* _TASK OBJECTIVE_: Exclude the pictures, then repeat the remaining data exactly.

* _RECORD EXTRACTS_:
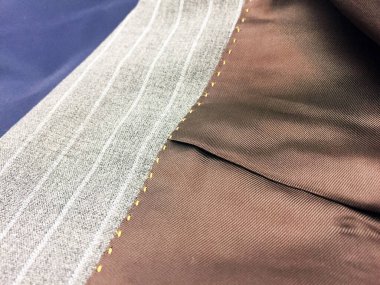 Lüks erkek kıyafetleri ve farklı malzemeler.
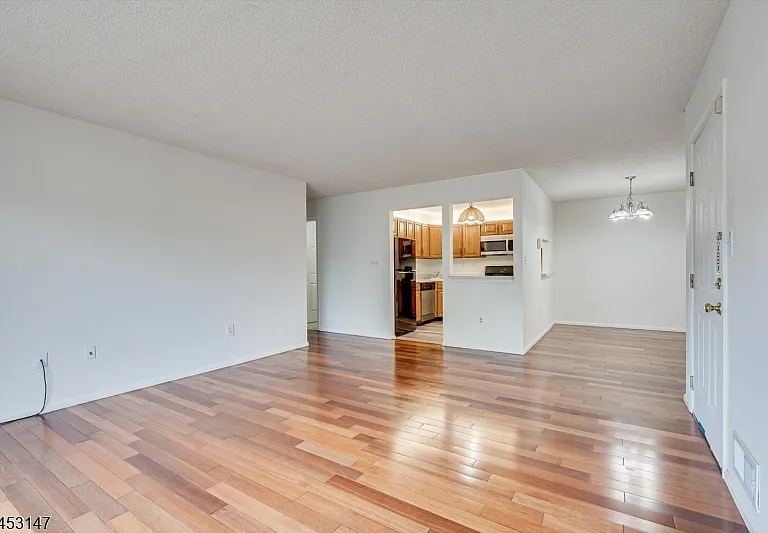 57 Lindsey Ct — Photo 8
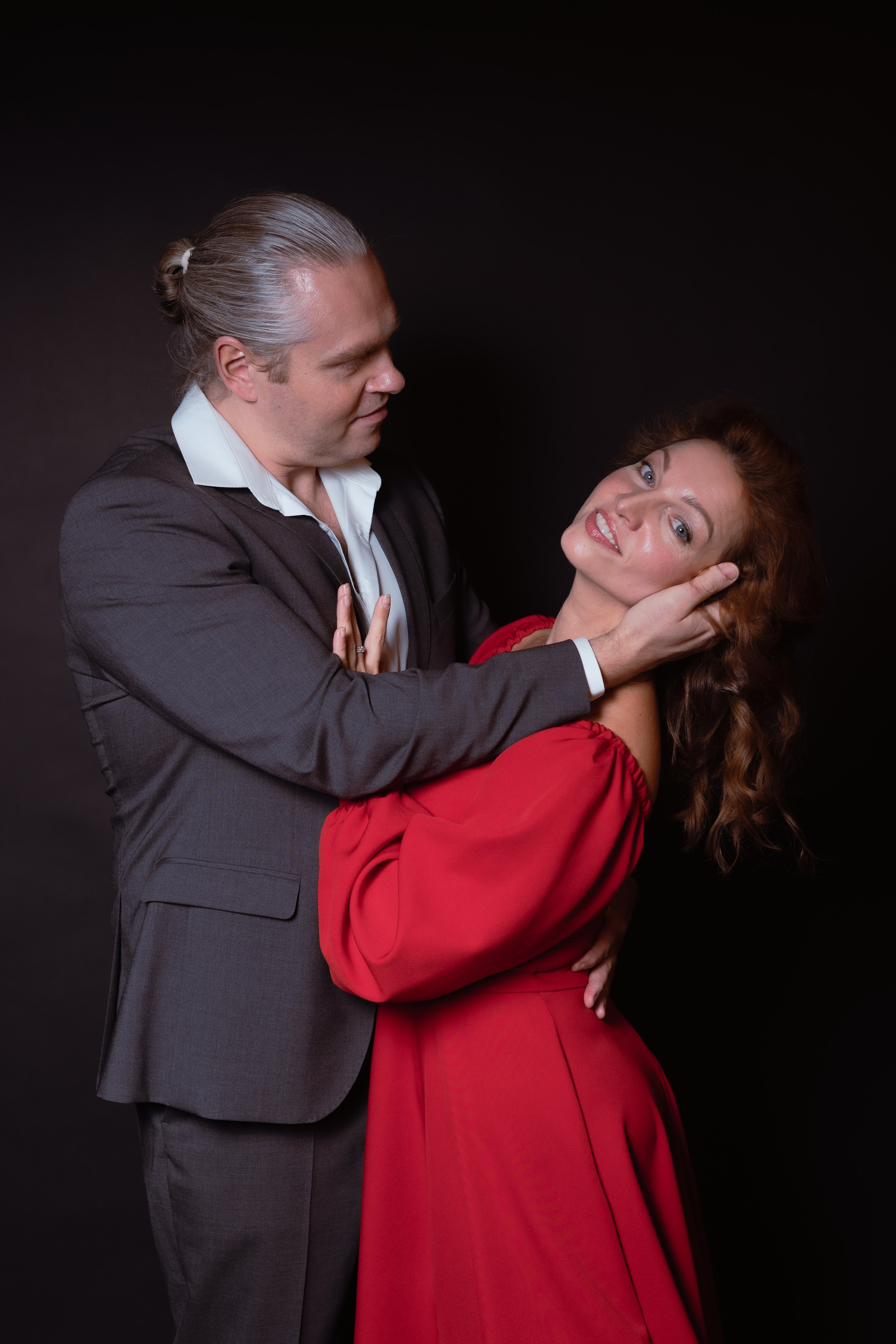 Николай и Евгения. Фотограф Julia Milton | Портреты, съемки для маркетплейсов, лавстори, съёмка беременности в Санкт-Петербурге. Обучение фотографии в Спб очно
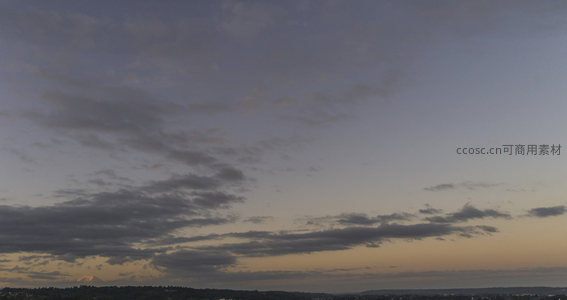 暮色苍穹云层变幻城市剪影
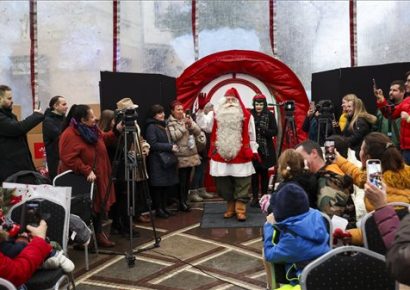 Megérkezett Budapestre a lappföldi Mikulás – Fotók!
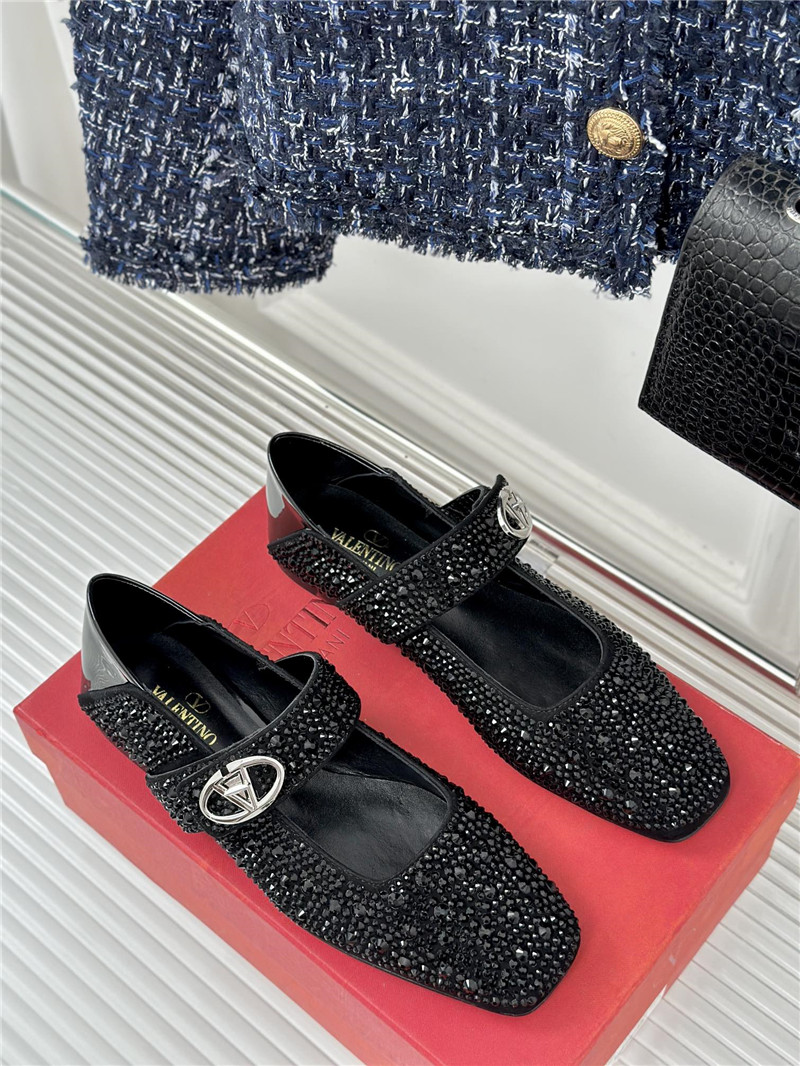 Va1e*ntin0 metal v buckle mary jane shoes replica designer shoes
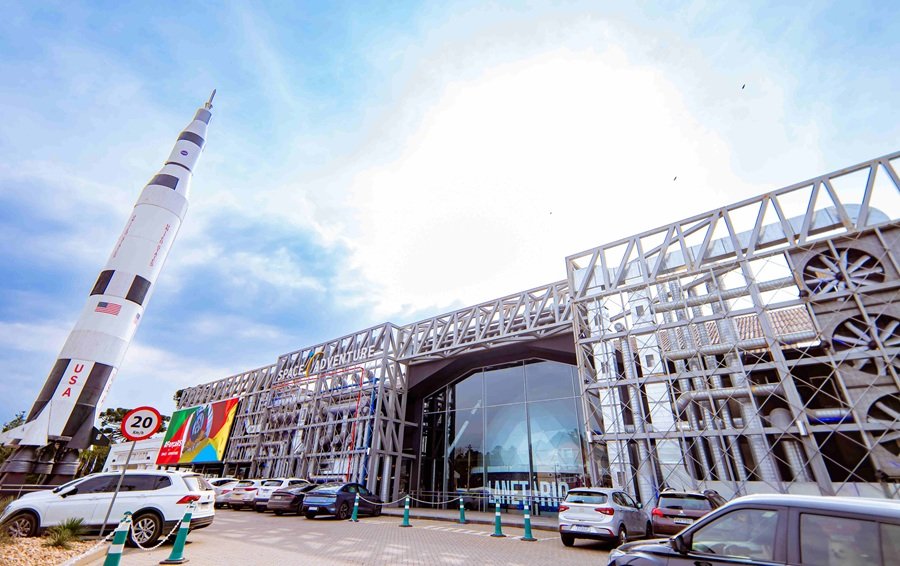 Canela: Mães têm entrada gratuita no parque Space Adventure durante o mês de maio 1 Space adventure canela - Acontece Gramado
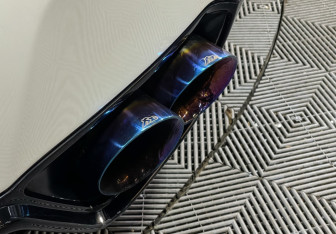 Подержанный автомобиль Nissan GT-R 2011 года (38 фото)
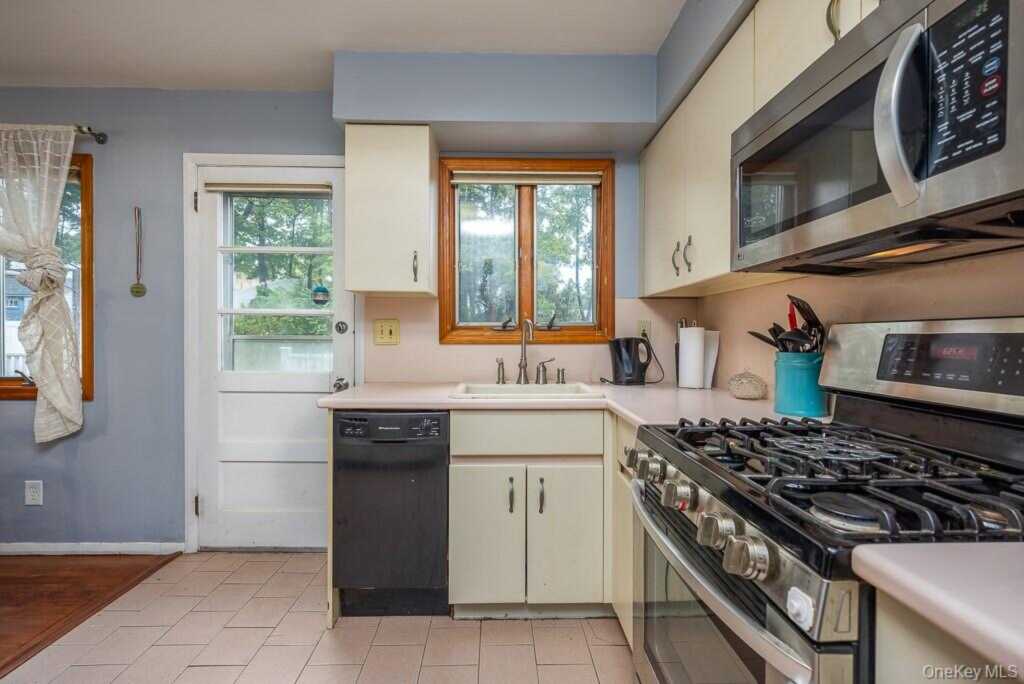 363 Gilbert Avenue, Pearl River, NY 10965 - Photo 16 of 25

* _RESULT OF THE TASK_:
 Lüks erkek kıyafetleri ve farklı malzemeler.
 57 Lindsey Ct — Photo 8
 Николай и Евгения. Фотограф Julia Milton | Портреты, съемки для маркетплейсов, лавстори, съёмка беременности в Санкт-Петербурге. Обучение фотографии в Спб очно
 暮色苍穹云层变幻城市剪影
 Megérkezett Budapestre a lappföldi Mikulás – Fotók!
 Va1e*ntin0 metal v buckle mary jane shoes replica designer shoes
 Canela: Mães têm entrada gratuita no parque Space Adventure durante o mês de maio 1 Space adventure canela - Acontece Gramado
 Подержанный автомобиль Nissan GT-R 2011 года (38 фото)
 363 Gilbert Avenue, Pearl River, NY 10965 - Photo 16 of 25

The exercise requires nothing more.